Response: The Company advises the Staff that as of April 1, 2017, the Company performed its quantitative annual goodwill impairment test resulting in the estimated fair value of the patient and education finance (“PEF”) reporting unit substantially exceeding its carrying value. The Company has performed its quarterly qualitative impairment assessment for the quarter ended September 30, 2017 and determined that no events or circumstances have occurred that indicate it is more likely than not that the estimated fair value of the PEF reporting unit is below its carrying value.
The Company also advises the Staff that effective January 1, 2017, the Company adopted the provisions of Accounting Standards Update 2017-04, “Intangibles - Goodwill and Other (Topic 350) - Simplifying the Test for Goodwill Impairment” (“ASU 2017-04”) as disclosed in the Company’s Quarterly Report on Form 10-Q for the period ended March 31, 2017.
The Company intends to include the following disclosures (or substantially similar disclosures) within the “Summary of Significant Accounting Policies” footnote and “Critical Accounting Policies and Estimates” subheading in “Item 7. Management’s Discussion and Analysis of Financial Condition and Results of Operations” in the Company’s Quarterly Report on Form 10-Q for the period ended September 30, 2017, as well as future filings.

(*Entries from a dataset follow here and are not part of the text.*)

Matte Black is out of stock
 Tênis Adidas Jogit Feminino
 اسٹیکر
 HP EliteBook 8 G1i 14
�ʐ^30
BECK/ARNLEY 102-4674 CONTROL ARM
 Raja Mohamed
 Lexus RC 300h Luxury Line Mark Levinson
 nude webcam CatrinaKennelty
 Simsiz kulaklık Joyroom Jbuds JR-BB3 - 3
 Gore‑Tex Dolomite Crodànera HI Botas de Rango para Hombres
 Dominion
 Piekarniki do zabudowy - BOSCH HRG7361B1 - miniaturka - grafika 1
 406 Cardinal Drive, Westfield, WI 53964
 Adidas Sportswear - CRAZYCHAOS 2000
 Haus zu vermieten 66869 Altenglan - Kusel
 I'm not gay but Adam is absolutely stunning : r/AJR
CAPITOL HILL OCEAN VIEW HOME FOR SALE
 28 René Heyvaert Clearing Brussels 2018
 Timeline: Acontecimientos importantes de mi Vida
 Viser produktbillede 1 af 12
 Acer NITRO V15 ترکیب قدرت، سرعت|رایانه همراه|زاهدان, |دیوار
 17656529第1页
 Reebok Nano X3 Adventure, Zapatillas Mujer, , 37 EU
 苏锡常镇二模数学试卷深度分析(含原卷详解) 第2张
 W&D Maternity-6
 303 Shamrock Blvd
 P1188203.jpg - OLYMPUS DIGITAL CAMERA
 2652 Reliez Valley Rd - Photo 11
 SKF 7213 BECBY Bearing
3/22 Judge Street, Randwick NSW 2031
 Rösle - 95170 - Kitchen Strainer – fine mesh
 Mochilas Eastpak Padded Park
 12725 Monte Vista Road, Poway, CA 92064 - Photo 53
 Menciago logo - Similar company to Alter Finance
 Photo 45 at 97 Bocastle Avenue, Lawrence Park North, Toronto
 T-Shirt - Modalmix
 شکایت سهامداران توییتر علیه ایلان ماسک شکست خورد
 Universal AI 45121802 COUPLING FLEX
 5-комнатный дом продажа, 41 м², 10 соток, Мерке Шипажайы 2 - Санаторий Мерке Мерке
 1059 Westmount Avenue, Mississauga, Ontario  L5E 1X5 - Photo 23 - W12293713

Goodwill and Intangible Assets
Goodwill represents the fair value of an acquired business in excess of the aggregate fair value of the identified net assets acquired. Goodwill is not amortized but is tested for impairment annually or whenever events or circumstances indicate that it is more likely than not that the estimated fair value of a reporting unit is below its carrying value. Our annual impairment testing date is April 1. Impairment exists whenever the carrying value of goodwill exceeds its estimated fair value. Adverse changes in impairment indicators such as loss of key personnel, lower than forecast financial performance, increased competition, increased regulatory oversight, or unplanned changes in our operations could result in impairment.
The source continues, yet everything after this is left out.